> **Task item**
What to return is the tail of the data, from the line that contains "this 250×188 image." down to the last line, copied exactly.

---+---

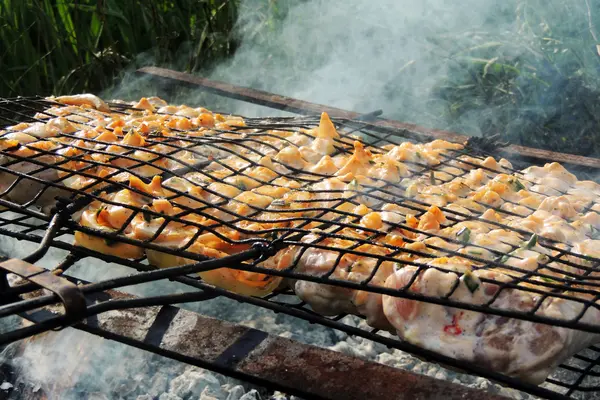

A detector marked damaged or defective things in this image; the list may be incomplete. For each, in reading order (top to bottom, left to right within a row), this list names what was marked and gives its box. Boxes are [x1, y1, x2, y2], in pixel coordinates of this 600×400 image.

burnt wood piece [136, 65, 600, 170]
rusty metal bar [136, 67, 600, 170]
burnt wood piece [18, 290, 506, 400]
rusty metal bar [16, 290, 508, 400]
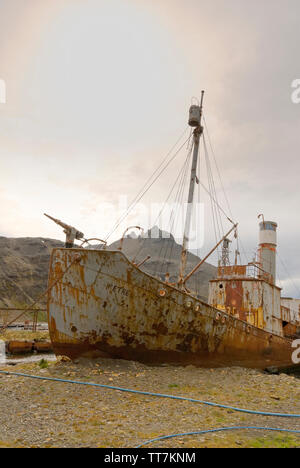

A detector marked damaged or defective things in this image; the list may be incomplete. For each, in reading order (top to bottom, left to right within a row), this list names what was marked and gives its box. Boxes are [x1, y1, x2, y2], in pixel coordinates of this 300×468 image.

rusty shipwreck [46, 92, 300, 370]
rusted metal hull [47, 249, 298, 370]
rusted plate [47, 249, 298, 370]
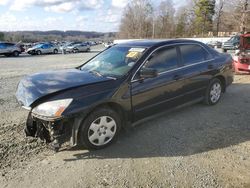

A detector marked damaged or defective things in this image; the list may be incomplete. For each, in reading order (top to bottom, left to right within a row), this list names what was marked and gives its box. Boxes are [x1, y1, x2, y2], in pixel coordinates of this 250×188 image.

broken headlight area [25, 113, 73, 151]
damaged front bumper [24, 113, 81, 151]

---+---

> **Solution to the exercise**
A detector marked damaged or defective things in this image; the list may be incomplete. For each, in reading order (top to bottom, left to right within a row), this list names what was marked and gives its box. Boxes are [x1, y1, x2, y2], in pixel coordinates of this 250×188 image.

broken headlight area [25, 113, 73, 151]
damaged front bumper [24, 113, 81, 151]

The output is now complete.